Catuscia Palamidessi (born 1959) is a computer scientist whose research topics have included differential privacy, location obfuscation, fairness in machine learning, the logic of concurrent systems, and the design of programming languages that combine logic programming and functional programming. Originally from Italy, she has worked in Italy, the US, and France, where she is a director of research for the French Institute for Research in Computer Science and Automation (Inria).

==Education and career==
Palamidessi was born in 1959 in Fucecchio, a small village in Tuscany, and when she began her studies at the University of Pisa, despite the discouragement of her parents, she became the first woman from that village to go to a university.
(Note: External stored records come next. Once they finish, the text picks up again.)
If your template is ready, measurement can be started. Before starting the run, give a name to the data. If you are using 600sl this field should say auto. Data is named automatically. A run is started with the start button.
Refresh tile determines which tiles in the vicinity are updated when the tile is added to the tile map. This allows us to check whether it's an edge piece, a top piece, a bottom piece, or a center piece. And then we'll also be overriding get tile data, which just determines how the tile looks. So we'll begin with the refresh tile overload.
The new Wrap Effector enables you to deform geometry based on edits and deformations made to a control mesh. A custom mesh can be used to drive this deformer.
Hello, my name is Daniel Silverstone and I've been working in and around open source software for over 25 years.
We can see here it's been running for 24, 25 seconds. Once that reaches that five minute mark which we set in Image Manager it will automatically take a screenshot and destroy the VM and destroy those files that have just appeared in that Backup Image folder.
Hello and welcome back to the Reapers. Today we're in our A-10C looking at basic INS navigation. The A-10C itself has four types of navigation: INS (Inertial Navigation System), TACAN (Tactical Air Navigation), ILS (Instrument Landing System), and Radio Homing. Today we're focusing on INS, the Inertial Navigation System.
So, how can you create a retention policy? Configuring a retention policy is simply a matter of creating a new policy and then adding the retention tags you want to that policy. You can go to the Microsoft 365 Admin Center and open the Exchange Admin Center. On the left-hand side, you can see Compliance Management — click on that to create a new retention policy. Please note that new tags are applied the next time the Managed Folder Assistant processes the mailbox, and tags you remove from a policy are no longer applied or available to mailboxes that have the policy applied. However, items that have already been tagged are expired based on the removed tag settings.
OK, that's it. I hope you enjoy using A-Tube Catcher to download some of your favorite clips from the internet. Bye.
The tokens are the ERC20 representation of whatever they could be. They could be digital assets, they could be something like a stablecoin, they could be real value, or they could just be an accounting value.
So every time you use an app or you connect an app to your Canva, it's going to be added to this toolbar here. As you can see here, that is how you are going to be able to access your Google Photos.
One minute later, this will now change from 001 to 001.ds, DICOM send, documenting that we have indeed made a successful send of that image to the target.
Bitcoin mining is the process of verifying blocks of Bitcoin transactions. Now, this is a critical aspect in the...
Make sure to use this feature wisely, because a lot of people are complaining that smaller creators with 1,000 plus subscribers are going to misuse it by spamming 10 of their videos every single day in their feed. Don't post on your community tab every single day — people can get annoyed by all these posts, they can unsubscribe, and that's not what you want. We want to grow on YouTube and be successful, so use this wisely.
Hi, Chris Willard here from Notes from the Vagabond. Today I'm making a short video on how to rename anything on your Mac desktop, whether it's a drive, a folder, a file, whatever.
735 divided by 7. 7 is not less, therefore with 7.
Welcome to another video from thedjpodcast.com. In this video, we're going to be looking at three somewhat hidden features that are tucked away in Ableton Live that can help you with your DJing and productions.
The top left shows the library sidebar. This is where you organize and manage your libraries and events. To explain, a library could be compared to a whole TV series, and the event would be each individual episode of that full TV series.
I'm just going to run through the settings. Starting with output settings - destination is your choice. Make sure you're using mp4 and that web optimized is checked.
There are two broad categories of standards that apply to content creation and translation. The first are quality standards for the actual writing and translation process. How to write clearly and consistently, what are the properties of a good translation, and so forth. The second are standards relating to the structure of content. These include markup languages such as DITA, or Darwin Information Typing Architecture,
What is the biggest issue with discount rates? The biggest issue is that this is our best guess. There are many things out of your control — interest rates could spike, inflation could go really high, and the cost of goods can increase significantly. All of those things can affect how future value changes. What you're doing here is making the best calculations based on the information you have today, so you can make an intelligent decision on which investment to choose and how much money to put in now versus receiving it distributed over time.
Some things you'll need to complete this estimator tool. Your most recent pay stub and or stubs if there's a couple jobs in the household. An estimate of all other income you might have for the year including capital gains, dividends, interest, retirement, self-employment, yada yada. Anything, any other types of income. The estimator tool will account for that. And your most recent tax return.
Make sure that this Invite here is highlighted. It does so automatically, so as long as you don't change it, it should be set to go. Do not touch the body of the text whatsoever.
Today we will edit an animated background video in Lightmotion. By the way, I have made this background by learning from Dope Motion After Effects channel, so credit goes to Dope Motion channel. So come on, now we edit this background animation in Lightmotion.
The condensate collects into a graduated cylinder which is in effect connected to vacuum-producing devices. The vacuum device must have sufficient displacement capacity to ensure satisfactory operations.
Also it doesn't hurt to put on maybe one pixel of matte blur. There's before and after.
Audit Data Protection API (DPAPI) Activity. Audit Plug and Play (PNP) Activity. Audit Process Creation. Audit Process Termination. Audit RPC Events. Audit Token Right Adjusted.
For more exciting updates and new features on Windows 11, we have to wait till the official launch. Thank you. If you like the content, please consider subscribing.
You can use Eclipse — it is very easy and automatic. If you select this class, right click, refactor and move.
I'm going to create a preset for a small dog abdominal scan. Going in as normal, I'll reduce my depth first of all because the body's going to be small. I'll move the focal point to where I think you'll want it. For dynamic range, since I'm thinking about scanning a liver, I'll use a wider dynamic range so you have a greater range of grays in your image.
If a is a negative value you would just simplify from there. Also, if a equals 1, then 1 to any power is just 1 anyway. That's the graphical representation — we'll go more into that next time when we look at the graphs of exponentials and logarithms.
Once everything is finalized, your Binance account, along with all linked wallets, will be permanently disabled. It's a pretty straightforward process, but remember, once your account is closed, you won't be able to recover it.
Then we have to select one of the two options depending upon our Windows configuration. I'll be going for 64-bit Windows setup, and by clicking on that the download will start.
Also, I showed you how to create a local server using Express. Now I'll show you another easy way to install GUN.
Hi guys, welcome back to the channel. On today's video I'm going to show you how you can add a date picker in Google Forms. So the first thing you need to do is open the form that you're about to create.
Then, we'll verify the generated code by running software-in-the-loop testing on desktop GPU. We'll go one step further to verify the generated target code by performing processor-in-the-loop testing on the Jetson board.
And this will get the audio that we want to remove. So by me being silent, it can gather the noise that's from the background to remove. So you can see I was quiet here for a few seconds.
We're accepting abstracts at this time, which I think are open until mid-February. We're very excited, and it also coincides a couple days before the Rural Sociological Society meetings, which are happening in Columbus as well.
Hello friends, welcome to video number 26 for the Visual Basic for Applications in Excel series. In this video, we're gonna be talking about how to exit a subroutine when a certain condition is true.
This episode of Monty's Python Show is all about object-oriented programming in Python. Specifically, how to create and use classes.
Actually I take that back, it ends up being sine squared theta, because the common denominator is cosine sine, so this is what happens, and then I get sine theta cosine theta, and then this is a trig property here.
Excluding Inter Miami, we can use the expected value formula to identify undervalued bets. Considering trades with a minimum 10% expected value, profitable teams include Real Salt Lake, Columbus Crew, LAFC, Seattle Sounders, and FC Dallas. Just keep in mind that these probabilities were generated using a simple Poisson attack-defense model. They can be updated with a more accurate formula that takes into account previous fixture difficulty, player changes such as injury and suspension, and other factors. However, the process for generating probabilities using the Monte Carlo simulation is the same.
Continuing her studies there, she earned a laurea in 1982 and a Ph.D. in 1988, with Giorgio Levi as her doctoral advisor.

She was an assistant professor at the University of Pisa from 1988 to 1992, an associate professor at the University of Genoa from 1992 to 1994, and a full professor at Genoa from 1994 to 1997. From 1998 to 2002 she worked as a professor at Pennsylvania State University in the US, and in 2002 she and her husband moved together to France as directors of research at Inria. At Inria, she is the leader of the Comète team, based at Paris-Saclay University, focused on formal methods in computer security and privacy.

==Recognition==
In 2022, Palamidessi was awarded the Inria – French Academy of Sciences Grand Prize.

==Personal life==
Palamidessi is married to Dale Miller, an American computer scientist who also works at Inria Saclay.